Hence this petition claiming a writ of mandamus against the respondents to admit her to one
of the Medical Colleges in the State.
2. The total number of seats to be filled this year in several Medical Colleges in the State was
fixed, admittedly, at 720 in all. A fixed percentage of seats out of the total number were
reserved for some specified categories.
3. The petitioner No. 2 falls in the general category. It is also accepted that in the general
category no candidate has been admitted to any of the Medical Colleges who may have
obtained less marks than petitioner No. 2. The minimum aggregate marks up to which
admissions have been made in the general category is 275 out of 500, whereas the petitioner
No. 2 has obtained 272 marks out of 500.
4. With regard to the Pre-Medical Examination held this year, the State Government had
prescribed a method to regulate the admissions and to ascertain the number of seats available
for allocation to the aforesaid different categories of applicants.
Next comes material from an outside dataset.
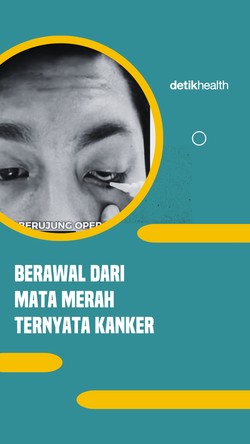 Video: Viral Pria Medan Kena Kanker, Bola Mata Harus Diangkat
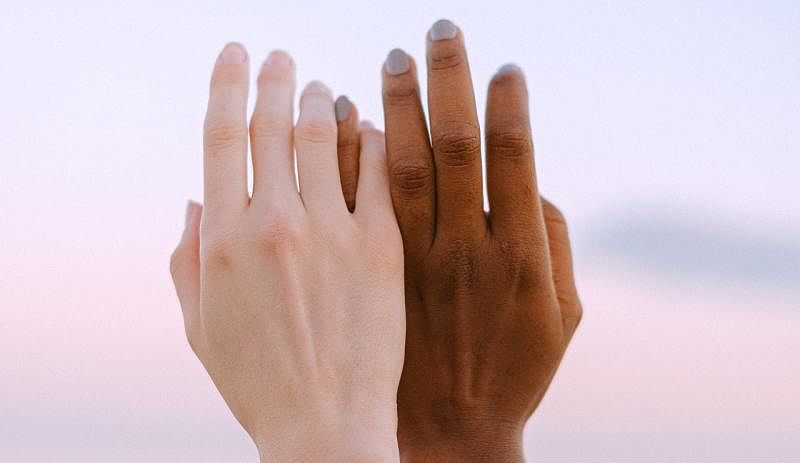 skin pigmentation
This was done by the
'Madhya Pradesh Pre-Medical Examination Rules, 1972'. After the Pre-Medical Examination
was held, a clause in the Rules initially declared was modified with a view to provide
admission to many more candidates from amongst some of the reserved categories, but
strictly within the number of seats reserved for them.
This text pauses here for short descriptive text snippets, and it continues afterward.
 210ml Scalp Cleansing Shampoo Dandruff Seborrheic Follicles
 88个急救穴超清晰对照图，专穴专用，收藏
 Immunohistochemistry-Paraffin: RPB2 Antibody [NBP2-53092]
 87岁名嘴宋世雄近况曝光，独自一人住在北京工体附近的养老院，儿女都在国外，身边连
8. The admitted position before us is that even after lowering of the qualifying marks in case
of Scheduled Castes and Scheduled Tribes candidates, the total number of candidates from
those categories admitted in all Medical Colleges in the State is only 63 as against the total of
216 seats reserved for them. The net result is that the remaining 153 seats which had been
initially reserved for candidates belonging to the Scheduled Castes and Scheduled Tribes
could not be filled from those categories and they have ultimately been filled up by admitting
candidates from the general category
9. The petitioners grievance is that but for lowering of the qualifying marks, another about 40
seats, in addition to the aforesaid 153 seats out of those reserved for Scheduled Castes and
Scheduled Tribes, would have also remained vacant so that a further number of 40 candidates
from the general category would have been admitted, and the petitioner No. 2 would have got
admission within this number. As such, the petitioners contend that the action of the
Government in so amending the rule after the Pre-Medical Examination was held was illegal
and unjustified and it has the effect of depriving petitioner No. 2 of her right to be admitted in
one of the Medical Colleges.
10. Shri R.S. Dabir, learned Counsel for the petitioners. He argues that there is a right in the
candidates from the general category to have all unfilled seats, reserved for these two
categories, converted into seats for the general category so as to enable more candidates
admitted from the general category. He contends that by the subsequent amendment as noted
above this right of candidates in the general category has been adversely affected after
holding of the examination and, therefore, the power to make such an amendment by
lowering the qualifying marks for these categories of candidates was not available. This right,
according to him, was in the nature of a vested right which accrued to the petitioner No. 2 as
also to all the candidates in the general category, so that it could not be taken away after they
had appeared in the Pre-Medical Examination.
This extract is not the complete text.